When the police transported the defendant to a hospital in the middle of the night for a medical examination and advised him of his right to have a blood alcohol content test by a neutral health care provider, in certain significant respects the police did more for the defendant than he was entitled to under § 5A. The task of obtaining such a test or a physician’s examination seasonably in the middle of the night in rural western Massachusetts obviously would not be an easy one. The defendant received a medical examination although, to be sure, it was focused on his left knee. Two hospital personnel testified that he did not appear to be intoxicated. He elected in his own interest not to submit to a blood alcohol content test. We agree with the judge that the failure of the police, approximately four hours after the accident, to advise the defendant at the hospital that he was entitled to an examination by a physician of his own choice was inconsequential.4 In view of our discussion, it is apparent that there is no merit to the defendant’s constitutionally based claim that he was denied the right to present an effective defense. See Commonwealth v. Alano, supra at 876-877.
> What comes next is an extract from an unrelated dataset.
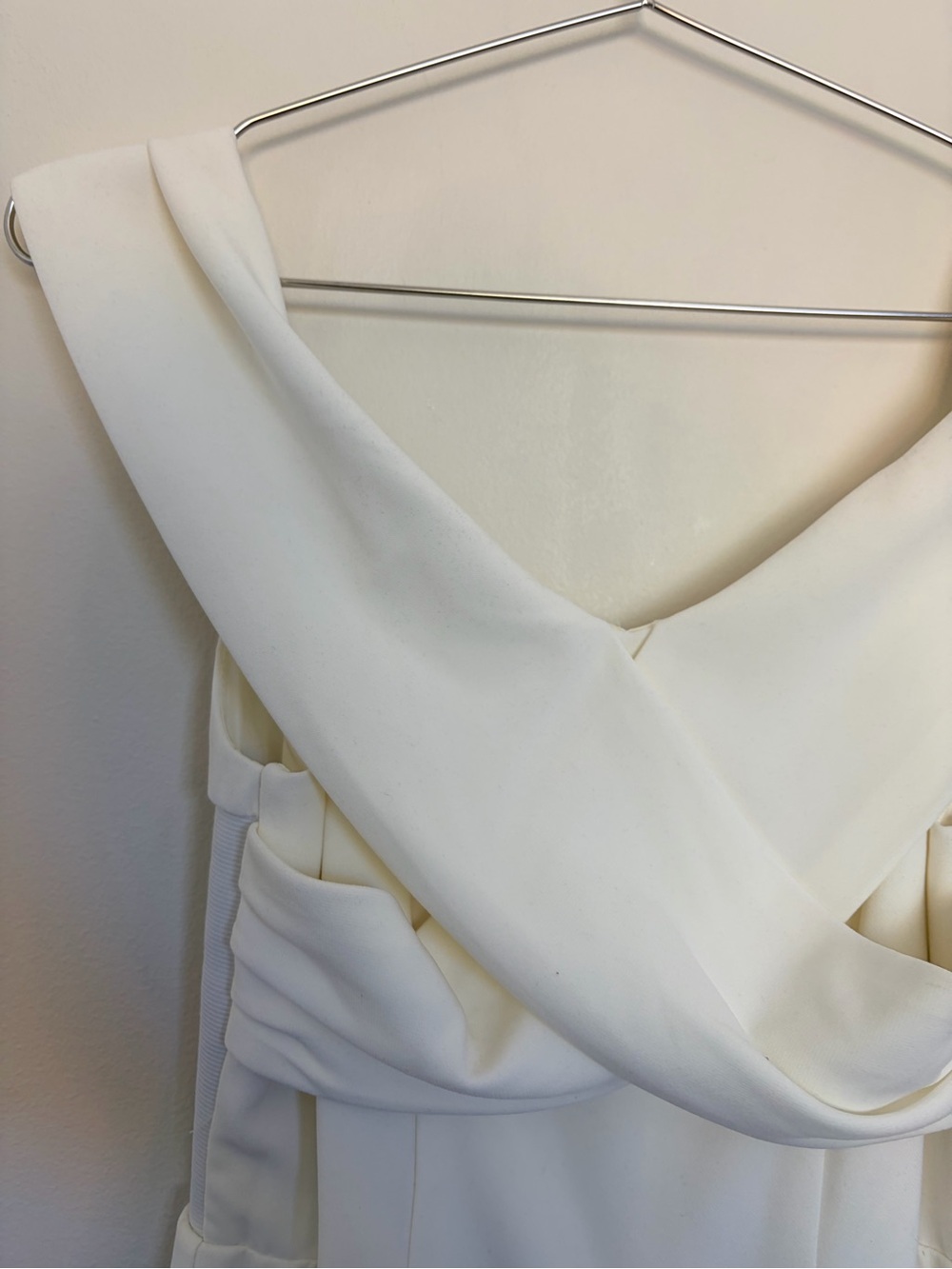 Gorgeous & Elegant H&M Off-Shoulder Jumpsuit in Crisp White - Picture 8 of 14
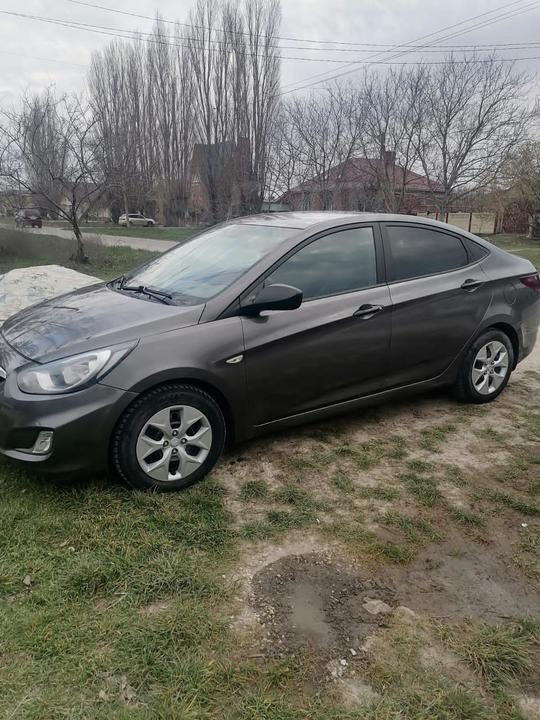 Hyundai Solaris I, 2014 год, 777 777 рублей, 4 фотография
3. Each of the defendant’s challenges to the judge’s jury instructions lacks merit. Each of these challenges needs only *609brief discussion. A judge need not give a charge in the form requested, and the judge has discretion generally not to advert to particular evidence or to discuss possible inferences. See Commonwealth v. Roberts, 378 Mass. 116, 130 (1979); Commonwealth v. Benders, 361 Mass. 704, 707 (1972); Commonwealth v. Kelley, 359 Mass. 77, 92 (1971).
a. The judge properly instructed the jury that the police were not obliged to conduct field sobriety tests at the time they arrested the defendant, but that the jury could consider the absence of such tests in deciding whether the defendant was under the influence of intoxicating liquor. The judge did not err in declining to express these principles in substantially similar language taken from the model jury instructions for use in the District Court.
b. The judge’s charge concerning the impairment due to the consumption of alcohol that must be found to convict a defendant followed the standard prescribed by Commonwealth v. Connolly, 394 Mass. 169, 172-173 (1985). The judge was not obliged to tell the jury what factors to consider in deciding whether the defendant’s consumption of alcohol diminished his ability to operate a motor vehicle safely.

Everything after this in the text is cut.